[WORK ORDER] In the copy, keep every word of the data below and none of its pictures.

[DATA PROVIDED]
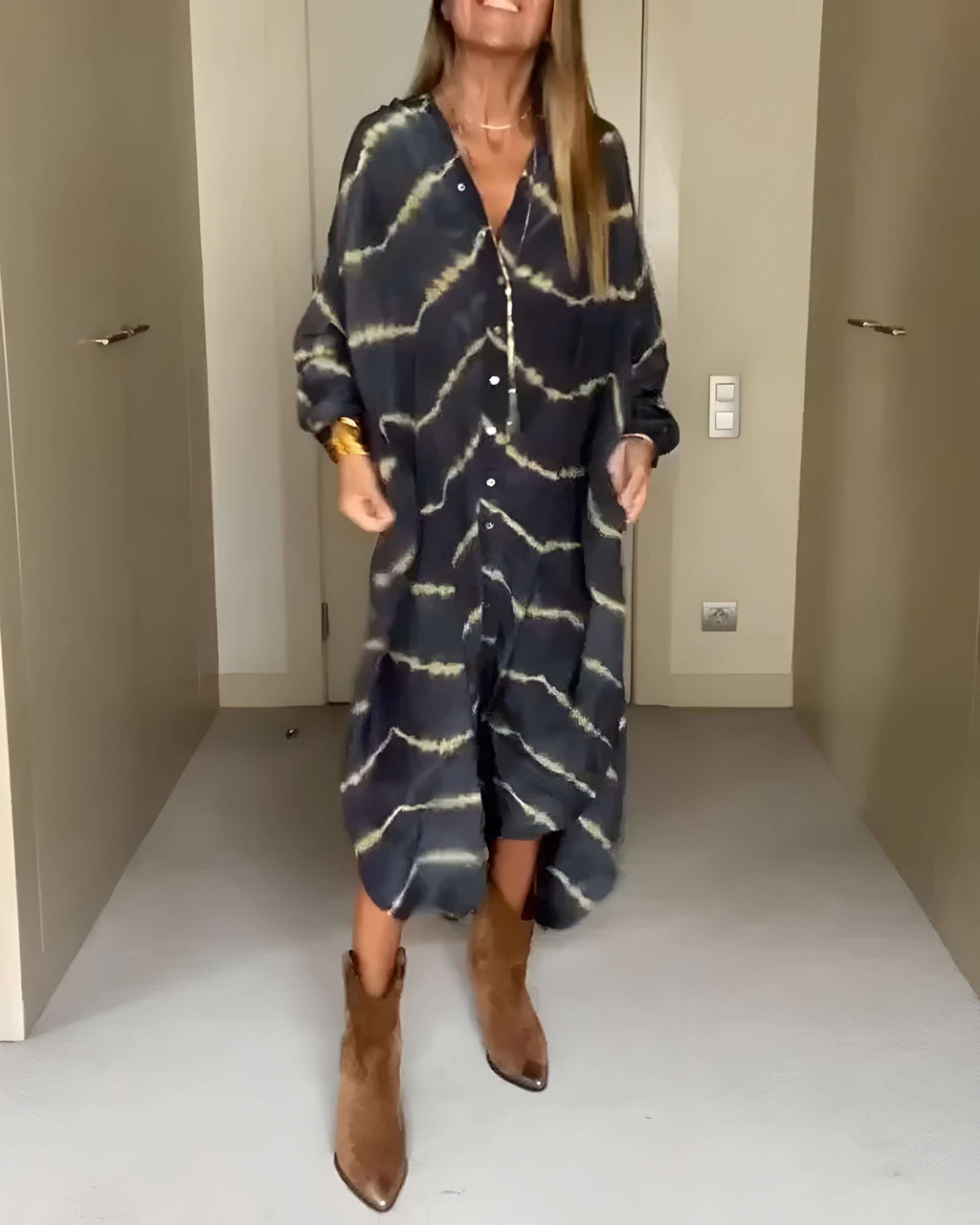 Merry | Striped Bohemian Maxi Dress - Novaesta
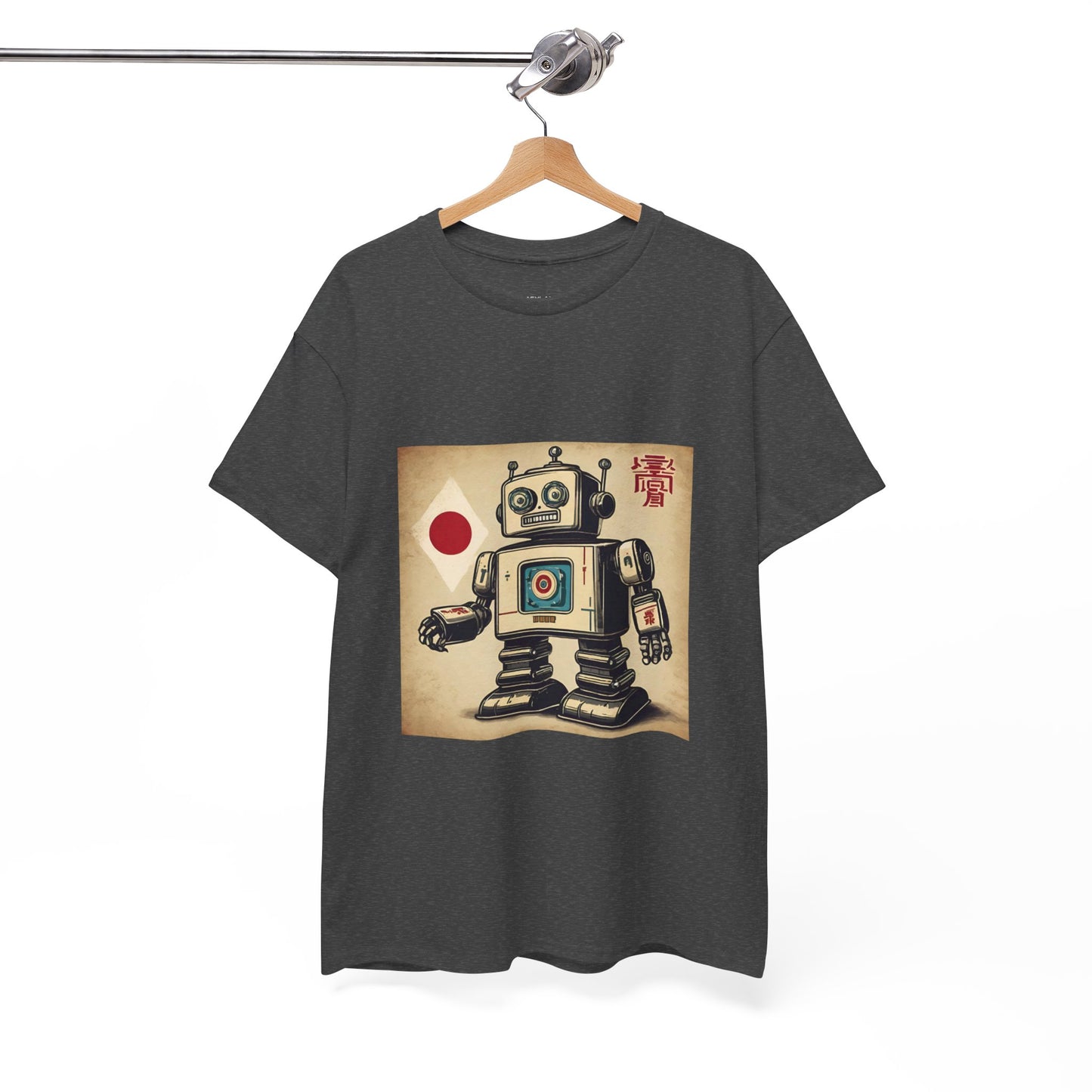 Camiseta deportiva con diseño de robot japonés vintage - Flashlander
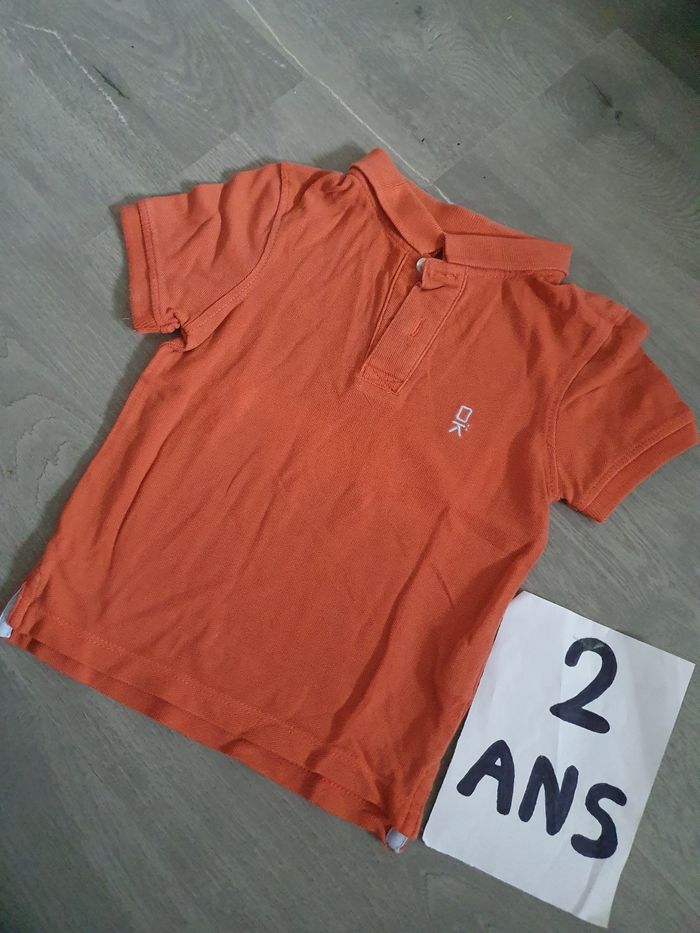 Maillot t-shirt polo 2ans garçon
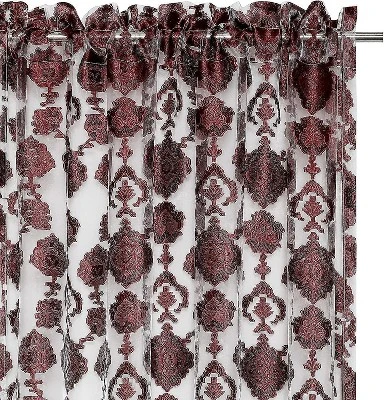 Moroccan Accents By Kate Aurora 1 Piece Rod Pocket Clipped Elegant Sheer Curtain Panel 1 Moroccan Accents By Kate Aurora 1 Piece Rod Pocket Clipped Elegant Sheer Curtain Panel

[OUTPUT BELOW]
 Merry | Striped Bohemian Maxi Dress - Novaesta
 Camiseta deportiva con diseño de robot japonés vintage - Flashlander
 Maillot t-shirt polo 2ans garçon
 Moroccan Accents By Kate Aurora 1 Piece Rod Pocket Clipped Elegant Sheer Curtain Panel 1 Moroccan Accents By Kate Aurora 1 Piece Rod Pocket Clipped Elegant Sheer Curtain Panel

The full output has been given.